→ **Exercise aim**
Below is a listing; print exactly its lines from the one containing "TAG Heuer Aquaracer Calibre 5" down to the one containing "Breitling Montbrillant Datora watches", both inclusive, with every picture left out.

→ **Listed entries**
+--

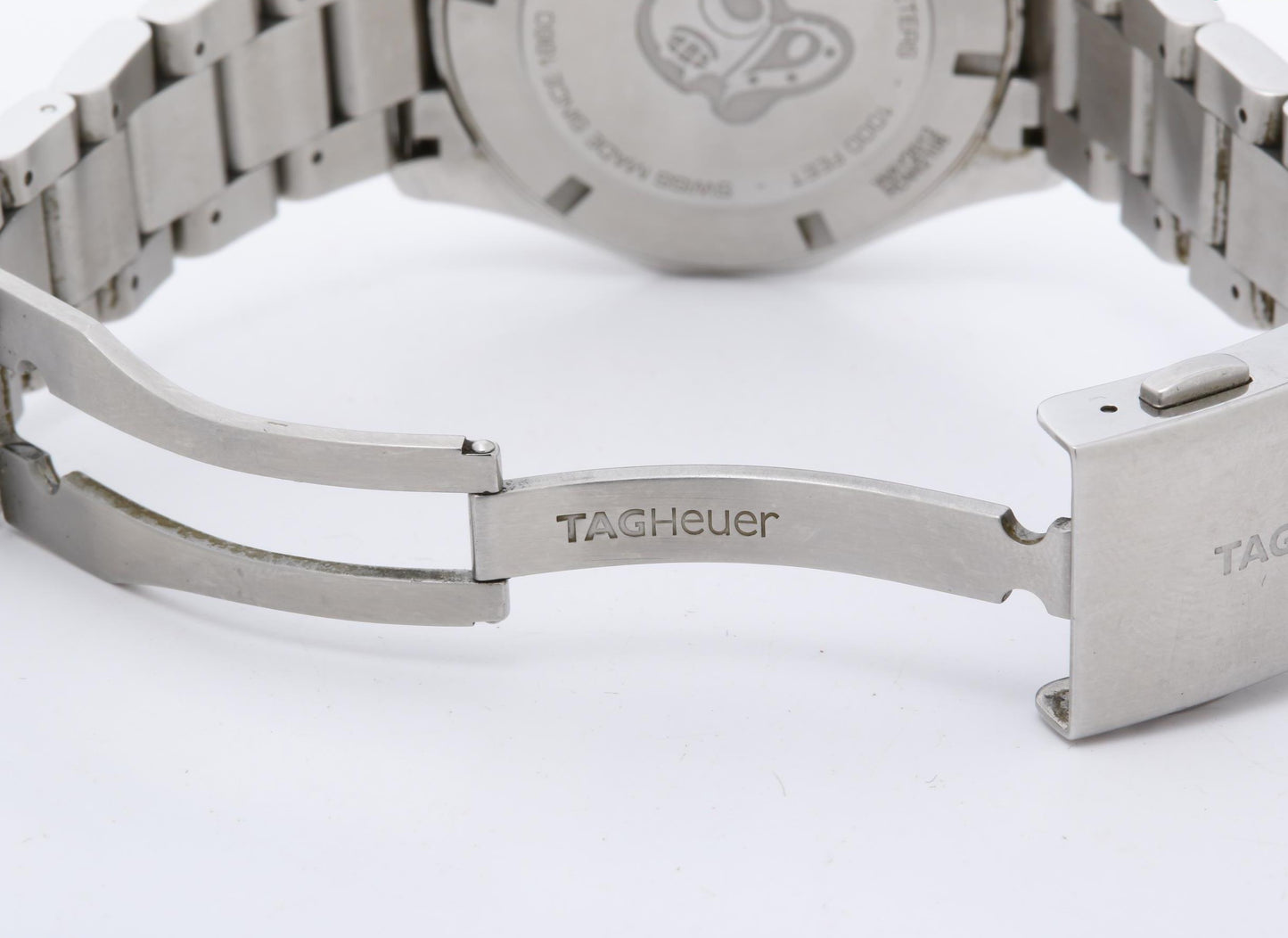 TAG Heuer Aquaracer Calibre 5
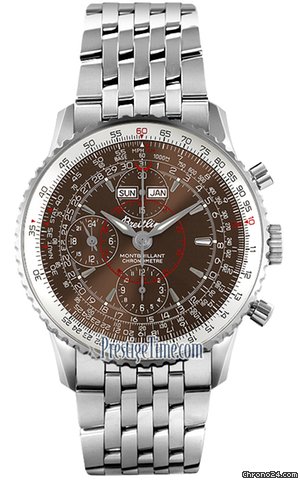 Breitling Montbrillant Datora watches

+--

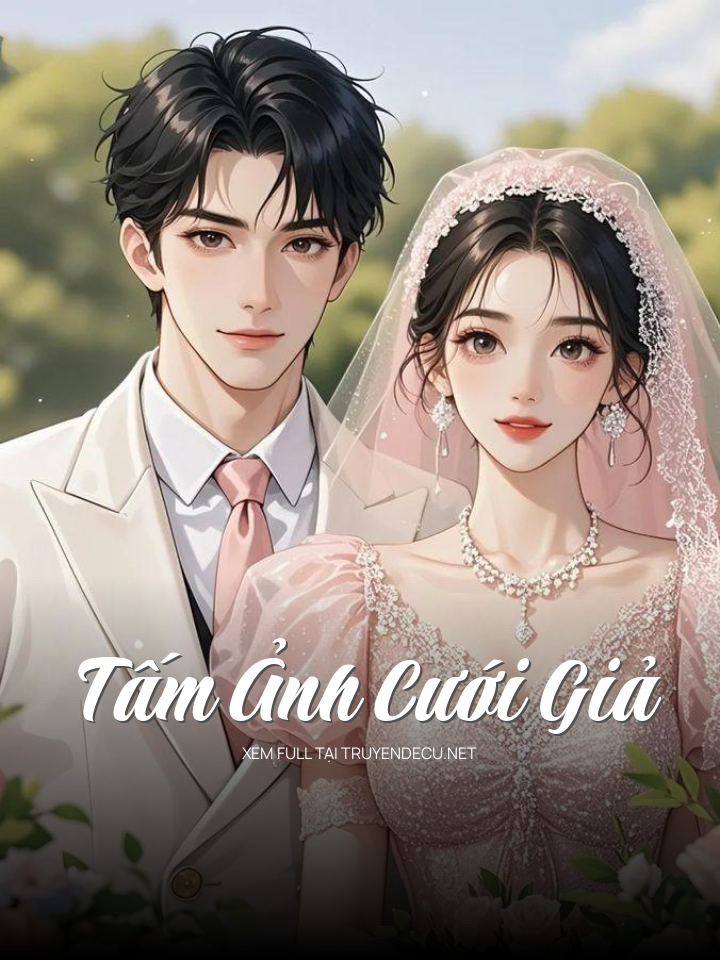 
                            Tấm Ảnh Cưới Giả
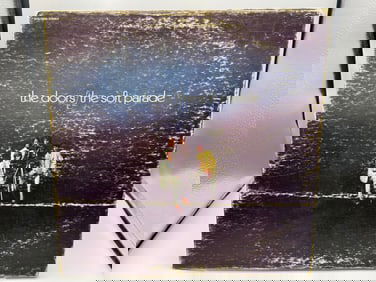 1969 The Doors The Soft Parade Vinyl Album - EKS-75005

+--

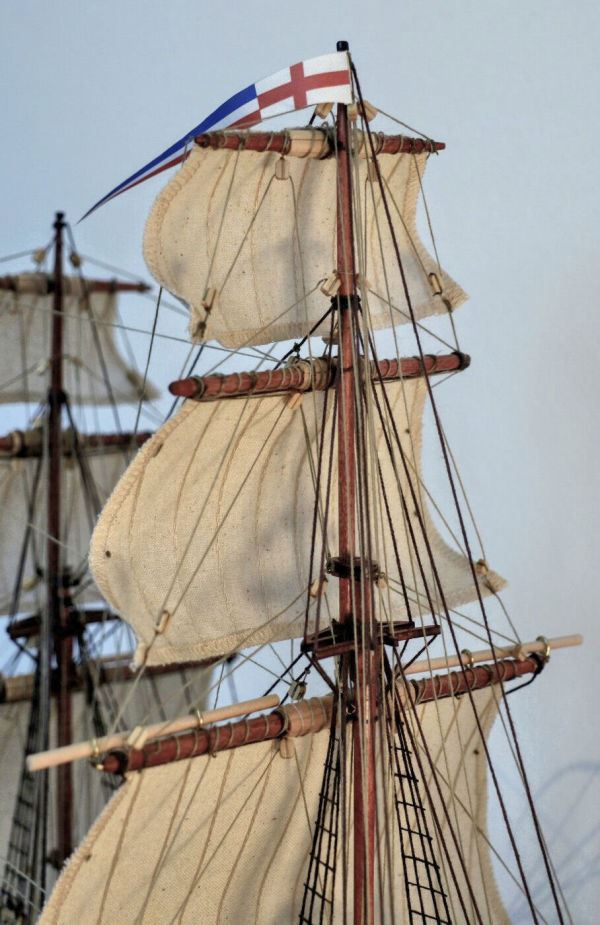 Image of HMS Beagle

+--

→ **Exercise result**
 TAG Heuer Aquaracer Calibre 5
 Breitling Montbrillant Datora watches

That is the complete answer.